▶ [INPUT MATERIAL]:
* * * *
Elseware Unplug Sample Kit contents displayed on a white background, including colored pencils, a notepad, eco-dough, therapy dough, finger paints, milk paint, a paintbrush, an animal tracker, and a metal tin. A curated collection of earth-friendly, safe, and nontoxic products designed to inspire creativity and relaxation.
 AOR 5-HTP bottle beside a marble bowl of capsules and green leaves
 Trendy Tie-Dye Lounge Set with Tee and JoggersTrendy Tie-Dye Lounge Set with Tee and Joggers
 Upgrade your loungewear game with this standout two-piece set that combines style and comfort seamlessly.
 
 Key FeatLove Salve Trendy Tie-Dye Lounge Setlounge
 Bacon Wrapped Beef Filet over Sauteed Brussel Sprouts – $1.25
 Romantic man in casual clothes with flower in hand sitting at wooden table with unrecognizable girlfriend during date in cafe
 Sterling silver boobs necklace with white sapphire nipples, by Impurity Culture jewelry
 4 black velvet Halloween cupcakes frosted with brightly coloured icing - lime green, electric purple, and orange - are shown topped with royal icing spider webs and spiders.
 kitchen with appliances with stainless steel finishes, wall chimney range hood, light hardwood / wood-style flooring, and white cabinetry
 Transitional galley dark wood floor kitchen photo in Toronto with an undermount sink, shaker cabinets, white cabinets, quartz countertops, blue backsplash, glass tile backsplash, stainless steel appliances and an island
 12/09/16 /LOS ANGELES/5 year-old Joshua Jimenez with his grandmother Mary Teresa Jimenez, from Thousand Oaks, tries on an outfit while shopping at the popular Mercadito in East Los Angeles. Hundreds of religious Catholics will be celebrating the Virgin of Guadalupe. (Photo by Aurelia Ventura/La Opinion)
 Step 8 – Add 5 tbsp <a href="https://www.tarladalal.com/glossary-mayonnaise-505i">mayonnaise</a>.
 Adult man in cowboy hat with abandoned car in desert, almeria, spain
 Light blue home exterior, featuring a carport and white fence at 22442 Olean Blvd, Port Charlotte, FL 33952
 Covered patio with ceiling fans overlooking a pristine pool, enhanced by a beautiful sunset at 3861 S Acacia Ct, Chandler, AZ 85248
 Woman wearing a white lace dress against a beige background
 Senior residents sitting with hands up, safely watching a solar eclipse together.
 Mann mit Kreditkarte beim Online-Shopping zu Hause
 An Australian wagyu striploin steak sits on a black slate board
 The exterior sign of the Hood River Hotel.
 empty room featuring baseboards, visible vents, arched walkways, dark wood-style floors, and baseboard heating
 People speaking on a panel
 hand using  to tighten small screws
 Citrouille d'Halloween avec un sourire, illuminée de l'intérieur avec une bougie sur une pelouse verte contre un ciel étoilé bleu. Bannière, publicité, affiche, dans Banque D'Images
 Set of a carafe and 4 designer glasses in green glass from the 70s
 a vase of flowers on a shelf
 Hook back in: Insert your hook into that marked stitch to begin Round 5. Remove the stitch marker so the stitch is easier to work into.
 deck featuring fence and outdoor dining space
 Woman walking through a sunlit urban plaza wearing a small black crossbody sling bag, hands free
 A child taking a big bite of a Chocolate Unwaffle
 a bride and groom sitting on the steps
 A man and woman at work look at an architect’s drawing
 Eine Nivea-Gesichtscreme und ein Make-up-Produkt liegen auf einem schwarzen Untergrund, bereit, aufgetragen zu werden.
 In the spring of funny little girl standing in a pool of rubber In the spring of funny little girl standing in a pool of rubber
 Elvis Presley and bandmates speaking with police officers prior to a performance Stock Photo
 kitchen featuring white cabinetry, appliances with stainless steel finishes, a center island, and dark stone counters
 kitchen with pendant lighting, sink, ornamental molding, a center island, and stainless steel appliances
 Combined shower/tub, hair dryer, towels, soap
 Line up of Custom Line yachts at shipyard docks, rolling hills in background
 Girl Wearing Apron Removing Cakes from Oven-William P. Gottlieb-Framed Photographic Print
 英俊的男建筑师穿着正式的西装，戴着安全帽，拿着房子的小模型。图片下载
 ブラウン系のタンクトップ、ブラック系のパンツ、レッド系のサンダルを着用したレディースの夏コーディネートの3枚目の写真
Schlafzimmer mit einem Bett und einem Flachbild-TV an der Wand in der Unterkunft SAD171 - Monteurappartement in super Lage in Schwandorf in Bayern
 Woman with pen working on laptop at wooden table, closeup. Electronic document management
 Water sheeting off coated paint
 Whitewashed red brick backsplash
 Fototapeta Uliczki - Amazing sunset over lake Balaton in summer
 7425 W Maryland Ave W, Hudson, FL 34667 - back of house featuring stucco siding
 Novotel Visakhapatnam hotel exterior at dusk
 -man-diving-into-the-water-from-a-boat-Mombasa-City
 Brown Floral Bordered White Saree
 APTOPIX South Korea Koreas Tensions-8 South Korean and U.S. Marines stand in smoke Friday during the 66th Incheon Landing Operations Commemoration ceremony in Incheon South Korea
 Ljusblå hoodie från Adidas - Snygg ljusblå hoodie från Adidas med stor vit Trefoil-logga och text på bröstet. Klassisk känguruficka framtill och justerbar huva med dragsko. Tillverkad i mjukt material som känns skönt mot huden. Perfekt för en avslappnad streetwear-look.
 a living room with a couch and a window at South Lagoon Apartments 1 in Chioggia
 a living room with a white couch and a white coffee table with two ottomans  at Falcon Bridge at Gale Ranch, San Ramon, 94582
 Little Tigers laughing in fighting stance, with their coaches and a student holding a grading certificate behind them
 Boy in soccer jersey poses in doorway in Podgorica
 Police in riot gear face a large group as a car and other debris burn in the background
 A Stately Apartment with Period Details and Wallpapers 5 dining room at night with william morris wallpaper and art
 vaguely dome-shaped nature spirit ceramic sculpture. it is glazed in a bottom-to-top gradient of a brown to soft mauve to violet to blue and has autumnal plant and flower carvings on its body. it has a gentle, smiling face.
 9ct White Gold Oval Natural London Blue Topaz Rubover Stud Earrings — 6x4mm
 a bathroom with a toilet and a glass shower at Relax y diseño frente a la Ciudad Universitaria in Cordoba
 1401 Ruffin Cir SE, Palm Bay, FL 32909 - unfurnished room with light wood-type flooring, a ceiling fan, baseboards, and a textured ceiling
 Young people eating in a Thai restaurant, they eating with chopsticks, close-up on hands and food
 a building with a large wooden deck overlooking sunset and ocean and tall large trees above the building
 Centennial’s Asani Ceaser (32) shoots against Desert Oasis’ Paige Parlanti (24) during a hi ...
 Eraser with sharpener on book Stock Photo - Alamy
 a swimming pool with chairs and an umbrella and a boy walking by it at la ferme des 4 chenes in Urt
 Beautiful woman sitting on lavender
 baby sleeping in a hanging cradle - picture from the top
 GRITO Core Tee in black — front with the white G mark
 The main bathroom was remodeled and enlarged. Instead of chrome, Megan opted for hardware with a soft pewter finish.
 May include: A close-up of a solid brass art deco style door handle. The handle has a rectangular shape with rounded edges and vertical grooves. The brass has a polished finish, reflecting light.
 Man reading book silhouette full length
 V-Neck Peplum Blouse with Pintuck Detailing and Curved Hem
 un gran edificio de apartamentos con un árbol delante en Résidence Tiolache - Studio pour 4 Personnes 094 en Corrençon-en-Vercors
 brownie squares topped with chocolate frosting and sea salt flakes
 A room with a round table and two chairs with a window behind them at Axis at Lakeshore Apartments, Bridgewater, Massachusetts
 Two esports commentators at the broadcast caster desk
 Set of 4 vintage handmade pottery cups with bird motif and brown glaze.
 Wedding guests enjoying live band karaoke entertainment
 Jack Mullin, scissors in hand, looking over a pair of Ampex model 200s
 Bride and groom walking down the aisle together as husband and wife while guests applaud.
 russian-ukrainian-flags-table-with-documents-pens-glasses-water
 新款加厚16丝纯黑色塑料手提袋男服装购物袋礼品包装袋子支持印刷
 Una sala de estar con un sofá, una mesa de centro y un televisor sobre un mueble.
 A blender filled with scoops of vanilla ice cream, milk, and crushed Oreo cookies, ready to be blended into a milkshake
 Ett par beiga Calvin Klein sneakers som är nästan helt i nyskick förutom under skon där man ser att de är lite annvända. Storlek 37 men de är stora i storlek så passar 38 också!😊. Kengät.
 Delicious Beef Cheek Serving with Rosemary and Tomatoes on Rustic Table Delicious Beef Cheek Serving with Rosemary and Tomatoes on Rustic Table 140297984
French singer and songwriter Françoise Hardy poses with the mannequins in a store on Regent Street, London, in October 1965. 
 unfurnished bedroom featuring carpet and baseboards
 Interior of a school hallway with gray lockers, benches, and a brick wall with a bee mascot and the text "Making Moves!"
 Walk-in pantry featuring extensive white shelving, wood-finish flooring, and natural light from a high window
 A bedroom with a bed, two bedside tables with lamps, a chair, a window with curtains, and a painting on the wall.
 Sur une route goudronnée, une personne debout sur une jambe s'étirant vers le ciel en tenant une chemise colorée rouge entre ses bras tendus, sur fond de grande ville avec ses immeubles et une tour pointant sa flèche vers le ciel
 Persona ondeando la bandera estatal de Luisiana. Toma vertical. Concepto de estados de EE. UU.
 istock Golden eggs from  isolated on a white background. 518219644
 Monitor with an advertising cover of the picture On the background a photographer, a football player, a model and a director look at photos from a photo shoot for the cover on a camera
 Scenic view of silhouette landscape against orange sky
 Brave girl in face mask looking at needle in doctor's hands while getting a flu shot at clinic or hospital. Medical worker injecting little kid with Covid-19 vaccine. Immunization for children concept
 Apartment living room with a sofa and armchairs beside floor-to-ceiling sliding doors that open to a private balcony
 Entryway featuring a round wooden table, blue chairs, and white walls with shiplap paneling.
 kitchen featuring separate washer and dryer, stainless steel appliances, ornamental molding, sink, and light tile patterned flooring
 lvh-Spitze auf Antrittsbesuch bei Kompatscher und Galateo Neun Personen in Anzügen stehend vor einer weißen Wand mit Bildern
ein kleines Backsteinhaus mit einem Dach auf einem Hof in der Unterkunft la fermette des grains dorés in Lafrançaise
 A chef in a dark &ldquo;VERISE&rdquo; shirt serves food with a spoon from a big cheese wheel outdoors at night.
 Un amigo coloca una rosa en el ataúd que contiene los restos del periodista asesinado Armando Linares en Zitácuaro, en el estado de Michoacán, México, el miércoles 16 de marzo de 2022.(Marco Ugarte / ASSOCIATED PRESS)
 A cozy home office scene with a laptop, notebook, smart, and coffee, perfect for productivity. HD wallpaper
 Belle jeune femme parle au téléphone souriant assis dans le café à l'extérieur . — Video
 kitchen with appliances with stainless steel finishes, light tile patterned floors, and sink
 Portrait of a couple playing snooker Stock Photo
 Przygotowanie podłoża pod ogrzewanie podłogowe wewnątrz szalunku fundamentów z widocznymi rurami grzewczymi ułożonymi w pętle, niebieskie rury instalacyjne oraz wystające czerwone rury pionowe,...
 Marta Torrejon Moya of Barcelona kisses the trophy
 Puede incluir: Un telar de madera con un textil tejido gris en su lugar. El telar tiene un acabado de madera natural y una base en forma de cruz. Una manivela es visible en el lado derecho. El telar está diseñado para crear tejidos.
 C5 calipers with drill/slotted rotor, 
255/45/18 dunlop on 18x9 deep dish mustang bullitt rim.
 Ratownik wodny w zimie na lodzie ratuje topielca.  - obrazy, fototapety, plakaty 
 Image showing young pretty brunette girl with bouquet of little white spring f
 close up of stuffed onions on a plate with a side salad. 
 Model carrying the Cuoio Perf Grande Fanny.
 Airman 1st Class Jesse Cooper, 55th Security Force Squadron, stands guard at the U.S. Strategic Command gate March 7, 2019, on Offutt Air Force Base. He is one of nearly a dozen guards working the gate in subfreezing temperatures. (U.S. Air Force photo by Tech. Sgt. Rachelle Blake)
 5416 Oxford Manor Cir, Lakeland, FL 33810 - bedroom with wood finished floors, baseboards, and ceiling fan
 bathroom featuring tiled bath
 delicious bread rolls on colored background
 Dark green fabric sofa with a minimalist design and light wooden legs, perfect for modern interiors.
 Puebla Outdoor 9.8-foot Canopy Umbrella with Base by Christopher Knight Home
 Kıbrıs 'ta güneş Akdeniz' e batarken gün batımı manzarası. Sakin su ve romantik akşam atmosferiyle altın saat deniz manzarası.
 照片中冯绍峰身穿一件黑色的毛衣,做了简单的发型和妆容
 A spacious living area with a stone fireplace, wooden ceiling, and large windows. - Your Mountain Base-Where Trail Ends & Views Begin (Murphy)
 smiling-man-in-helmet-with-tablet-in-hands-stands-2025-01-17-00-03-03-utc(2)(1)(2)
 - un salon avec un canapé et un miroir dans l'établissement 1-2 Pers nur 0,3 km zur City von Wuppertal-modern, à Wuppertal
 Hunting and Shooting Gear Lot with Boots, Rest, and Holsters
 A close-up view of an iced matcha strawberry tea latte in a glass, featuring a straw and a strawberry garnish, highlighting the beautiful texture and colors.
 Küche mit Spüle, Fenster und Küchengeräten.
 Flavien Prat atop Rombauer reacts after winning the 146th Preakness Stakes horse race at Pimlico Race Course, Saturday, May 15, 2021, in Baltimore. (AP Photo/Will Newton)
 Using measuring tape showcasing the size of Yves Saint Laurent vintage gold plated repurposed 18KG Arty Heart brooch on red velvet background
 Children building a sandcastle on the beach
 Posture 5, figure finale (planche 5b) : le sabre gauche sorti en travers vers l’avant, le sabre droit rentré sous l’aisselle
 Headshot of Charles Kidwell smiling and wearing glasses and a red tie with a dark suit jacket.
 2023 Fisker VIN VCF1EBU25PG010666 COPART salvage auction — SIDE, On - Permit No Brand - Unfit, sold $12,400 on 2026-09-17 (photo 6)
* * * *
▶ [REQUIRED ACTION]: Beginning with the line that has "A man and woman" and ending with the line that has "-man-diving-into-the-water-from-a-boat-Mombasa-City", set down the lines above exactly and include no others.

▶ [SOLUTION TO THIS PROBLEM]:
 A man and woman at work look at an architect’s drawing
 Eine Nivea-Gesichtscreme und ein Make-up-Produkt liegen auf einem schwarzen Untergrund, bereit, aufgetragen zu werden.
 In the spring of funny little girl standing in a pool of rubber In the spring of funny little girl standing in a pool of rubber
 Elvis Presley and bandmates speaking with police officers prior to a performance Stock Photo
 kitchen featuring white cabinetry, appliances with stainless steel finishes, a center island, and dark stone counters
 kitchen with pendant lighting, sink, ornamental molding, a center island, and stainless steel appliances
 Combined shower/tub, hair dryer, towels, soap
 Line up of Custom Line yachts at shipyard docks, rolling hills in background
 Girl Wearing Apron Removing Cakes from Oven-William P. Gottlieb-Framed Photographic Print
 英俊的男建筑师穿着正式的西装，戴着安全帽，拿着房子的小模型。图片下载
 ブラウン系のタンクトップ、ブラック系のパンツ、レッド系のサンダルを着用したレディースの夏コーディネートの3枚目の写真
Schlafzimmer mit einem Bett und einem Flachbild-TV an der Wand in der Unterkunft SAD171 - Monteurappartement in super Lage in Schwandorf in Bayern
 Woman with pen working on laptop at wooden table, closeup. Electronic document management
 Water sheeting off coated paint
 Whitewashed red brick backsplash
 Fototapeta Uliczki - Amazing sunset over lake Balaton in summer
 7425 W Maryland Ave W, Hudson, FL 34667 - back of house featuring stucco siding
 Novotel Visakhapatnam hotel exterior at dusk
 -man-diving-into-the-water-from-a-boat-Mombasa-City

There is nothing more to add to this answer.